Personal information
- Full name: Michael Rodney Ricketts
- Born: 29 September 1923 Edgbaston, Warwickshire, England
- Died: 21 November 2004 (aged 81) Truro, Cornwall, England
- Batting: Right-handed

Domestic team information
- 1947–1954: Suffolk

Career statistics
| Competition | First-class |
| Matches | 1 |
| Runs scored | 1 |
| Batting average | 1.00 |
| 100s/50s | –/– |
| Top score | 1 |
| Catches/stumpings | –/– |
- Source: ESPNcricinfo, 21 February 2019

= Michael Ricketts (cricketer) =

English cricketer, British Army officer, and educator

Michael Rodney Ricketts (29 September 1923 - 21 November 2004) was an English first-class cricketer, British Army officer and educator. Ricketts served during the Second World War with the King's Royal Rifle Corps, attending the University of Oxford after the conclusion of the war. During this time he played first-class cricket for the Free Foresters, before embarking on a teaching career that saw him become the headmaster of the independent Sutton Valence School in Kent.
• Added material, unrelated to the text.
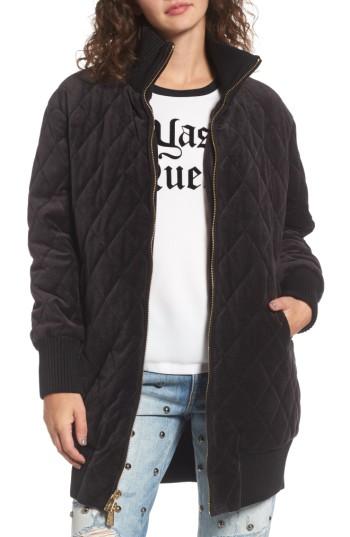 Women's Juicy Couture Velour Quilted Puffer Coat - Black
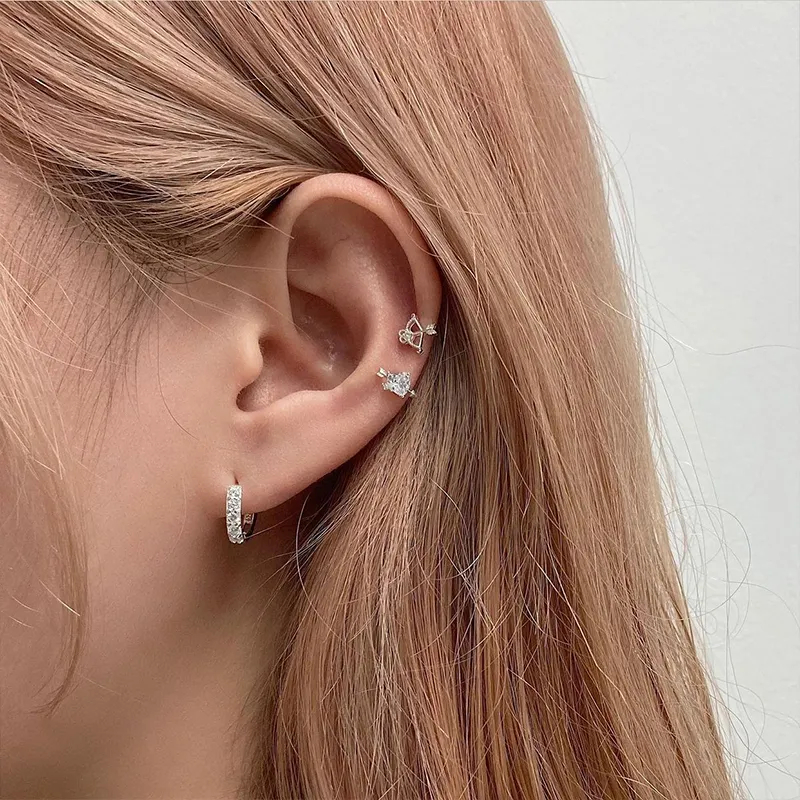 EAR PARTNER 925 Sterling Silver With Zircon Stud Earrings Women's-1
==Early life, WWII and Oxford==
Ricketts was born in the Birmingham suburb of Edgbaston to Clement Ricketts and his wife, Dorothy Frances Eden. He was educated at Sherborne School in Dorset. He served in the British Army during World War II with the King's Royal Rifle Corps, enlisting with the rank of second lieutenant in May 1943. During the war he was wounded in action.

Following the war he attended Trinity College, Oxford. While at Oxford one appearance in first-class cricket for the Free Foresters against Oxford University at Oxford. Batting once in the match, Ricketts was dismissed by Philip Whitcombe for a single run in the Free Foresters first-innings. He also played minor counties cricket for Suffolk from 1947-1954, making 53 appearances in the Minor Counties Championship.

==Teaching career and later life==
After graduating from Oxford with a Master of Arts in 1951, he moved into teaching. He was a housemaster at Bradfield College, where he helped to run the college Cadet Force. He later served as the headmaster of Sutton Valence School, a post he held from 1967-1980. The school today has a prize dedicated to him, The Ricketts Prize, designed to recognise a student who has demonstrated an outstanding all-round contribution to school life.

He died at the Royal Cornwall Hospital in Truro in November 2004. He was survived by his wife, Judith Anne Caroline Courtenay-Clack, whom he had married in January 1958, and their four children: two daughters and two sons.